I’ve found this San Francisco Bay’s water quality data collected from 1969 to 2015 by the U.S. Geological Survey agency, thanks to Jeremy Singer-Vine’s weekly news letter ‘Data is Plural’ last week. They are collected at about 40 stations in the Bay as shown below for metrics such as temperature, salinity, chlorophyll, oxygen, nitrate, ammonium, etc.
Map of Sampling Stations
The South end of the bay is where the cities like San Jose, Cupertino (Apple), Mountain View (Google) are located. The North end of the bay is where cities like Napa, Vallejo, are located. And at the middle around the station 18 to 21, there are cities like San Francisco, Oakland, Berkeley.
When I found this data, I had only one question I wanted to answer. That is, Are water temperatures of San Francisco Bay rising? We know that the temperatures have been rising around the globe, but is that true for the water in the Bay, too?
Let’s start exploring this data.
First, let’s see a trend of the monthly average water temperatures for the last 60 years.
As you would guess, the temperatures have a yearly seasonal trend, which means that they tend to be higher in summer time and tend to be lower in winter time. This is why we are seeing those ups and downs. We can change the measure from monthly average to yearly average.

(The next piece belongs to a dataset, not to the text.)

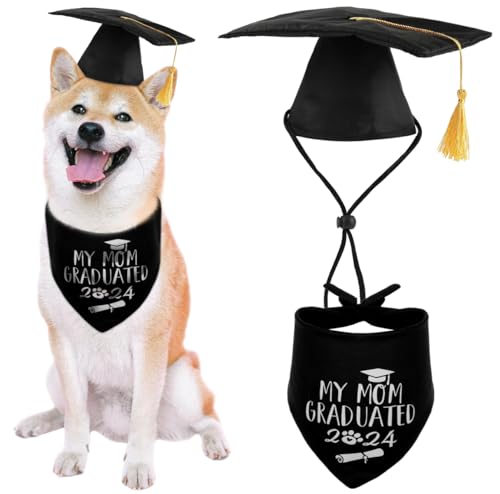 My Mom Graduated Dog Bandana 2024 and Dog Graduation Cap with Tassels Black, Dog Graduation Outfit Costume for Small Medium Large Dogs von PICKUPIK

Looks like the last few years of the data are showing the upward trend, but when we compare it to the entire period, it’s hard to say the temperatures are really rising.
The thing we need to be careful with the average is that it can be distorted when there are extreme values, in this case, the temperatures. For example, if we happen to have very high temperatures in summer period in a particular year the average can be skewed towards to the high. To address this concern, we can see the distribution of the temperatures for each year.
Here is a boxplot chart to show the distribution of the temperatures for each year.
We can see that some years like 2013 have very wide spread between the lowest and highest degrees.
Another thing is that these temperatures are collected at 40 different locations in the Bay. And given that the air temperatures are very different among those locations, probably the water temperatures are also different. For example, San Francisco is known for the coldest weather in the whole Bay area.
We can use the same boxplot chart but this time we assign the stations at X-Axis so that we can see the distribution of the water temperatures by the locations.
The one with the most narrowest distribution at the center is the station closest to San Francisco. As contrary to my guess though, while the median water temperature of the station 19, which is shown as the center line in the box, is indeed the coldest are not the coldest, it doesn’t get too cold compared to other locations.
We can switch to a scatter chart and use color to represent the month names, and see how those temperatures are distributed in more detail.
We can see that those higher part of the distribution are the summer months like June, July, August, September, etc., while the lower part of them are the winter months like December, January, February, etc. Also, we can see that January is the coldest month among all the locations.
Now that we know there are good degrees of differences within each year, let’s take a look at the temperatures trend for each month.
We can see some months like March, April, September, etc. shows a bit of rising after year 2010, though not intuitively significant by looking at all these months.
We also know by this time that there are good degrees of differences among the locations, we can create the same chart for each location.
Since there are too many locations shown here, I have grouped them to a third of the locations, for example, the stations of 0, 1, and 2 become 0, the stations of 3, 4, and 5 become 3, and so on. And, calculated the average temperatures for each group.
We can kind of see some degrees of upper trends towards to the end of each line for most locations. But, when we look at the trend of all the years it’s hard to conclude that the temperatures are rising in a linear fashion.
Finally, I’ve used the state of art algorithms for forecasting time series data called ‘Prophet’ from Facebook’s data science team. This algorithm would detect the trend from the data automatically and return the future data by forecasting. Here, we are not interested in forecasting the data, but we are interested in the trend itself that is detected by the algorithm in order to see if there is any upward or downward trends in this historical temperatures data.
And here is the result.
The blue lines represent the temperatures while the green lines are the trend.
We can see some areas are showing the rise of the water temperatures especially after year 2000.
To make it easier to see the trend, I’ve setup the chart below to not start from zero at Y-Axis, and to not sync the Y-Axis scales among all the charts. (I’m usually against this practice by the way, but there are always exceptions as many things in life. 😎)
Now we can see the trend much better. For most of the locations, there is a somewhat upward trend throughout the years, but the trends accelerate after around 2010.
To conclude, the water temperatures in the Bay seem to be rising, especially in the last decade.
I’m not sure if this is a general trend in other areas like Pacific Ocean, Caribbean Ocean, Atlantic Ocean, etc. If so, then this might explain those crazy hurricanes in the recent years, which seems to be only growing larger and worse. But that is just a question at this point, and I will need to find other data sets to do similar analysis for those regions.